Deciding on your fitness goal beforehand – getting fit, losing weight, improving your general health or achieving overall body conditioning – is also vital.

"Injuries tend to occur more easily when someone chooses more than one fitness goal. The key here is to be realistic with yourself. It’s better to prioritise one goal at the start and as you progress to add more to your exercise regime,” remarks Yorainne.

Stepping things up
While various factors determine individual progress, Yorainne says people are generally classified as a beginner in the first 12 weeks of exercising at least three times a week. It may be time to step things up when you start sensing that exertion during exercise is becoming very easy, she comments, adding that, “It could be helpful at this stage of your training programme to get further professional advice, depending on the type of exercise.”

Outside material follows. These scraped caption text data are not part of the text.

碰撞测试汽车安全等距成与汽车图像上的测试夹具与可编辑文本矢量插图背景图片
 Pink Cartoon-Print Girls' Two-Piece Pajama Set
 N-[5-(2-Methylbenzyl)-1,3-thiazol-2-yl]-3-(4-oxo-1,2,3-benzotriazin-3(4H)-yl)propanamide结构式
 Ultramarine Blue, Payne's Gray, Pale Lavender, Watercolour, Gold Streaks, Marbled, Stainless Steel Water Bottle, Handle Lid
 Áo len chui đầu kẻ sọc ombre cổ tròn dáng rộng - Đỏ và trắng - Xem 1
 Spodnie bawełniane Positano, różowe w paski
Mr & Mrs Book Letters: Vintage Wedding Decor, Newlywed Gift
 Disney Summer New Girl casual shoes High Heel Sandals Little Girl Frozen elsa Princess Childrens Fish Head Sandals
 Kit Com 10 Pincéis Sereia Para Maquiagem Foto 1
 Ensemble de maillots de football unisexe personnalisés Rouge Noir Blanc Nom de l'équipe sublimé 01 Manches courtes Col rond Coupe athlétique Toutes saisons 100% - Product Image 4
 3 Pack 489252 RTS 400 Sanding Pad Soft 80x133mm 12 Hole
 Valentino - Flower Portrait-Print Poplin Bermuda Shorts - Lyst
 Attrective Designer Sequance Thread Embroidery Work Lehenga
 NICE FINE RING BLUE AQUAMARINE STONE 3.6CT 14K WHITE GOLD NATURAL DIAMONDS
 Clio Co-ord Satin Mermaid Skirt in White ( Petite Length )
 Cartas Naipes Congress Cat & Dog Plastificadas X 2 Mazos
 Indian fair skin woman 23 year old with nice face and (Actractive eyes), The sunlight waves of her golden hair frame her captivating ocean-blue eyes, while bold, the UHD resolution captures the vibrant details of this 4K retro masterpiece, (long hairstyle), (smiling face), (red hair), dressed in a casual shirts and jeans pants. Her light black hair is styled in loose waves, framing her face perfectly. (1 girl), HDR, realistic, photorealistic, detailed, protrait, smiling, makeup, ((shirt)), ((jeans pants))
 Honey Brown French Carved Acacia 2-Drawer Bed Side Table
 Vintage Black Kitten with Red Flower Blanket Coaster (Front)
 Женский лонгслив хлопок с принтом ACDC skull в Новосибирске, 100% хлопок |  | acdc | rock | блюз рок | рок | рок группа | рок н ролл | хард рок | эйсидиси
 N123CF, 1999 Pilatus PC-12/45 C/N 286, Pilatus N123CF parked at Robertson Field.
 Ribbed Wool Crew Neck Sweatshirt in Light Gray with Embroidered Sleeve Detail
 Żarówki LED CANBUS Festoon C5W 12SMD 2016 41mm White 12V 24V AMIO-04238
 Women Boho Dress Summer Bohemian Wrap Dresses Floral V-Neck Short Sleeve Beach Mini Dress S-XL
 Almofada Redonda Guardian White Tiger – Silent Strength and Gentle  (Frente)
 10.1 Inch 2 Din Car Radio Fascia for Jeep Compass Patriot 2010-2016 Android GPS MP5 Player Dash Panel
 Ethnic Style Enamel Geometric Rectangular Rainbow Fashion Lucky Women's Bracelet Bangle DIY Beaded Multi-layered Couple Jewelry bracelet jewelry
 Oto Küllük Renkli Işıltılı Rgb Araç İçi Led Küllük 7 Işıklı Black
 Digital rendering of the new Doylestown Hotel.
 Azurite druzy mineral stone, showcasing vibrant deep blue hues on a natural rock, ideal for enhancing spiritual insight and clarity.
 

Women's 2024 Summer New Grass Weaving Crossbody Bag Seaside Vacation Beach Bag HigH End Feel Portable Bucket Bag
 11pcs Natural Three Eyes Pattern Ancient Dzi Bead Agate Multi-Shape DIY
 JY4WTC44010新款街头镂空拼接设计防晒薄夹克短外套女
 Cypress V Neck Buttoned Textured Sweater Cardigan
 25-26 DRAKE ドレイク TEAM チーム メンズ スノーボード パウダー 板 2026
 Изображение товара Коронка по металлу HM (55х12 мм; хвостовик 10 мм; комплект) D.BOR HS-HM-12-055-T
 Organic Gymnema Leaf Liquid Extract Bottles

Yorainne urges trying to get “in tune with your body” by being more focused and “in the zone” while exercising. “That way, you’ll be able to pick up more quickly on whether you need to take things slowly or can increase your training,” she says.

General guidelines on taking exercise to the next level include:

    • Changing the type of exercise, e.g. alternating between land and water exercise

    • Increasing speed and intensity

    • Starting to work at different intervals (interval training)

    • Using heavier weights if you're training with gym equipment

    • Increasing the number of exercise repetitions

    • Introducing new elements into your exercise program, e.g. cardio, resistance training and flexibility to ensure variety of training and avoid muscle overuse.

Exercise warning signs
Stop immediately if you experience any of the following:

    • Severe or sharp pain/discomfort during exercise

Don’t heed the adage of “working through pain”. It does more damage than good and injuries will take much longer to heal.

Warm-ups are key
Few people realise how critical warm-ups are in any exercise, to prepare the body for what’s to come. “Dynamic stretching promotes flexibility and when you move outside your range of motion without warming up, it’s almost a given that you’ll injure yourself,” says Yorainne.

Yorainne says warm-ups “should be at least five to seven minutes so you can gradually increase your heart rate from resting and loosen up the muscles and joints.”

“If you’re doing group exercise classes and you know the instructor doesn't warm up, do your own warm-up and dynamic stretching exercises before the class starts," she advises.

Generic warm-up movements include climbing up and down stairs, jogging on the spot, brisk walking or using the static bicycle in the gym.

Examples of dynamic stretching are slow lunges from side to side while keeping the feet still, bending the knees, opening the arms and bringing them back, high slow kicks and reaching for your toes while walking.

If you want to avoid injury, Yorainne says you need to allow for rest in between exercising. "For example, out of seven days in your schedule you need at least one or two days of complete rest where you do nothing."

Lastly, if you have existing injuries, be sensible. Don’t push yourself too hard and especially avoid exercises that can make them worse!

Yorainne says if you have a knee injury, avoid running outdoors or on the treadmill. Rather try swimming or cycling. If you have a back injury, avoid running, spinning and indoor cycling. Instead, do swimming or use the recumbent static bicycle in the gym.


Interview with Yorainne Smit, registered personal fitness trainer, owner of Trainer-on-the-Move and Independent Group Fitness Contractor with Virgin Active, South Africa, which is part of the global Virgin Group established by Richard Branson.